## [Exercise brief]
An exact reprint of the listing is required, with no pictures included.

## [Input material]

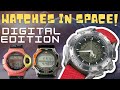 Cosmic timekeeping digital watches in space
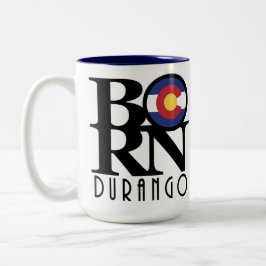 Taza Bicolor BORN Durango Colorado 15oz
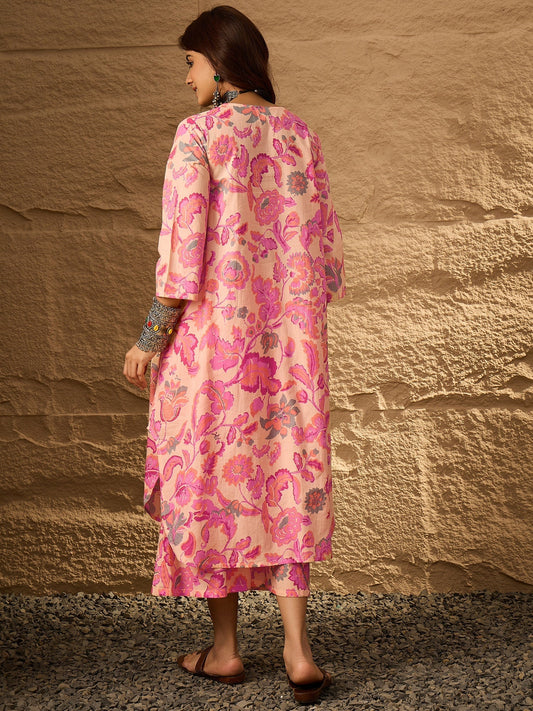 InWeave Light Peach Big V-Flared Kurta Set - Swadesiicart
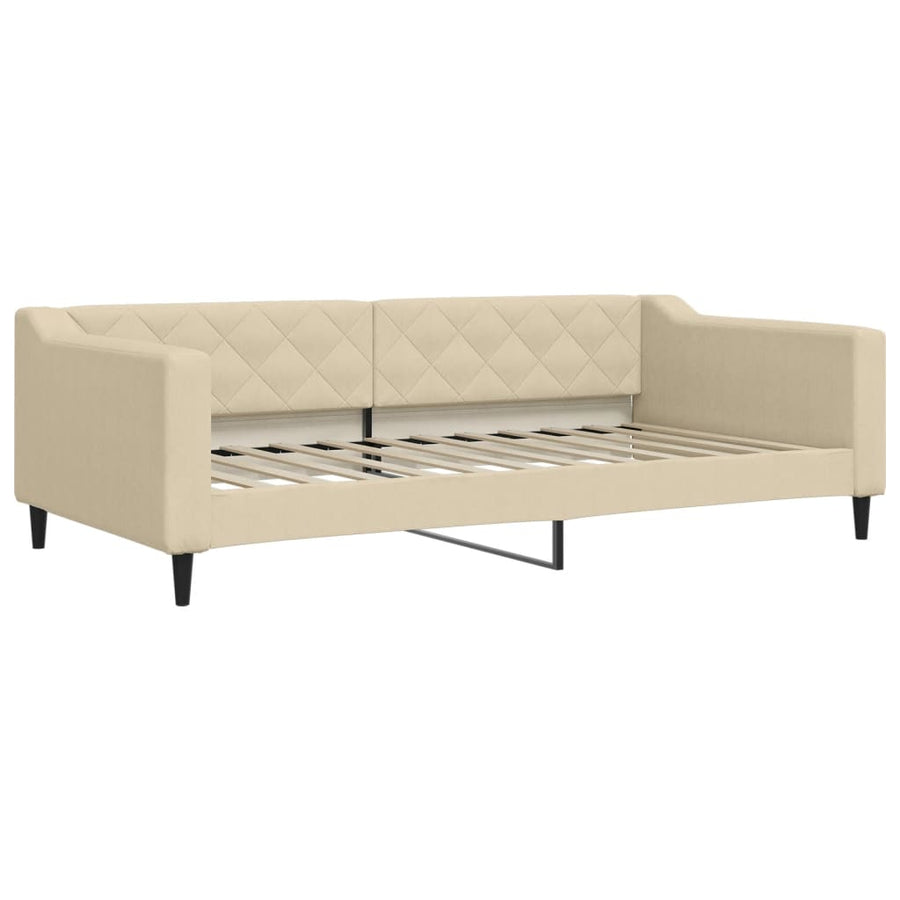 Slaapbank 100x200 cm stof crèmekleurig 100 x 200 cm Crème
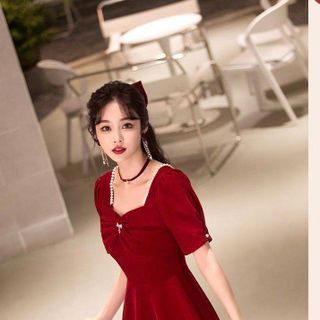 ĐẦM XÒE ĐỎ NƠ PHỤ KIỆN HẠT TRAI - DT1711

## [Exercise output]
 Cosmic timekeeping digital watches in space
 Taza Bicolor BORN Durango Colorado 15oz
 InWeave Light Peach Big V-Flared Kurta Set - Swadesiicart
 Slaapbank 100x200 cm stof crèmekleurig 100 x 200 cm Crème
 ĐẦM XÒE ĐỎ NƠ PHỤ KIỆN HẠT TRAI - DT1711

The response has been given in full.